Caption-style text data
_____
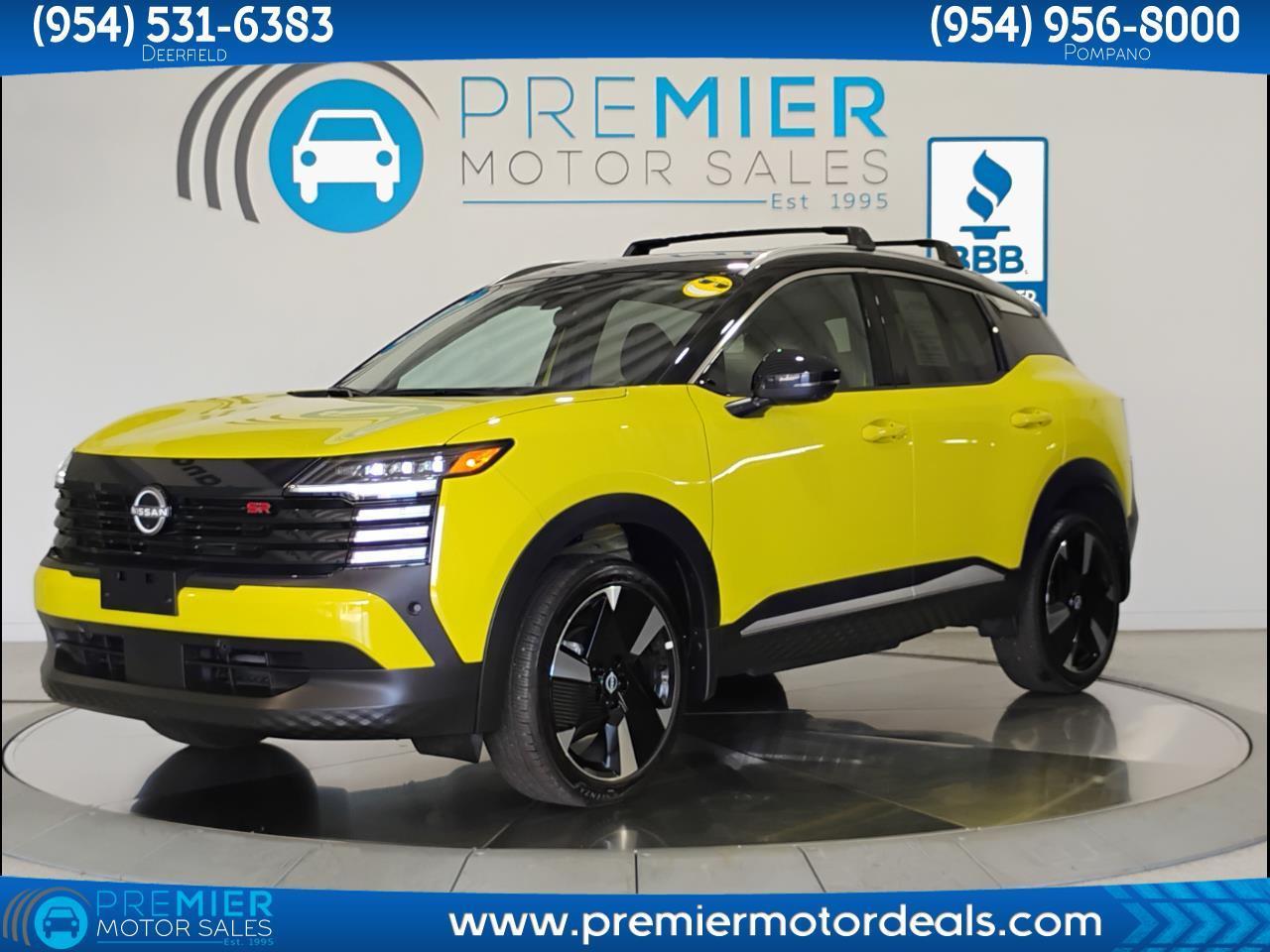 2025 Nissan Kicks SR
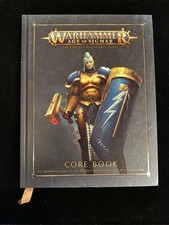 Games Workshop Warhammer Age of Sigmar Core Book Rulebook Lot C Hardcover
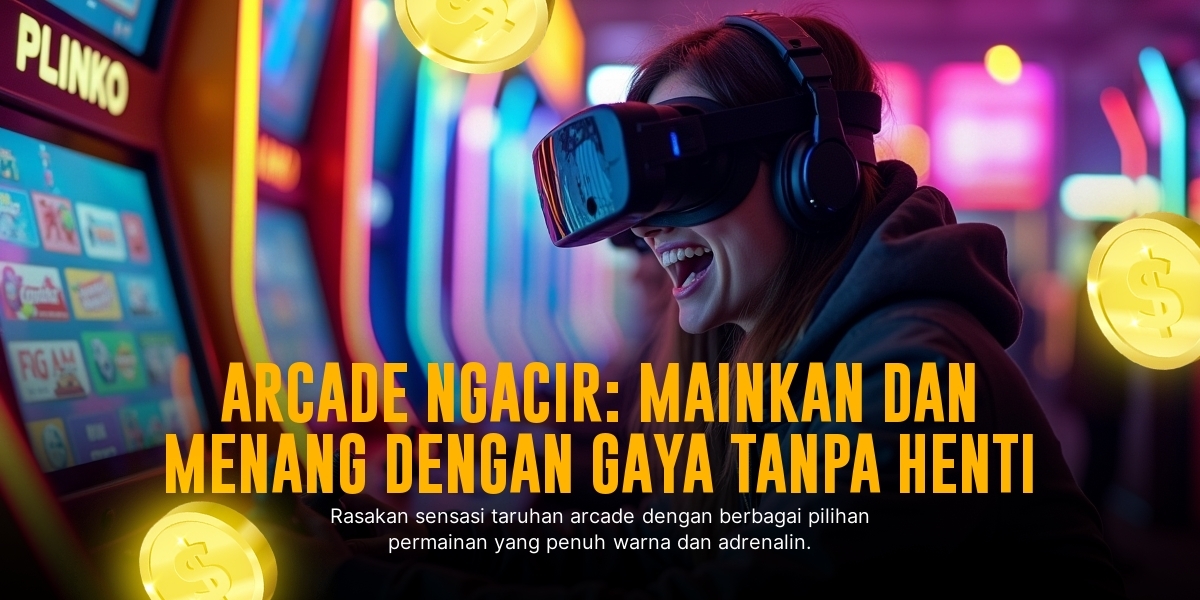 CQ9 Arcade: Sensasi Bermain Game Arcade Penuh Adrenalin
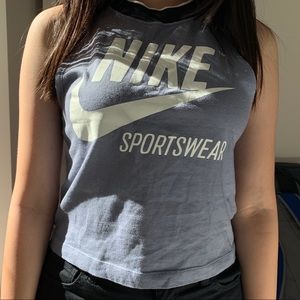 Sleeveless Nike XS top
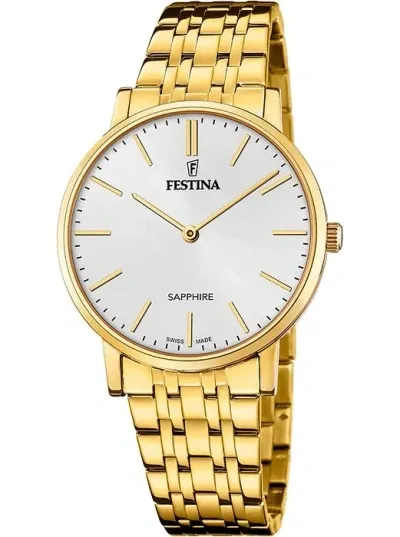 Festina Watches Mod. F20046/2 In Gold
_____
■ ACTIVITY
Set down only the lines running from the line with "Sleeveless Nike XS top" to the end of the entries, inclusive; omit every picture.

■ RESPONSE
 Sleeveless Nike XS top
 Festina Watches Mod. F20046/2 In Gold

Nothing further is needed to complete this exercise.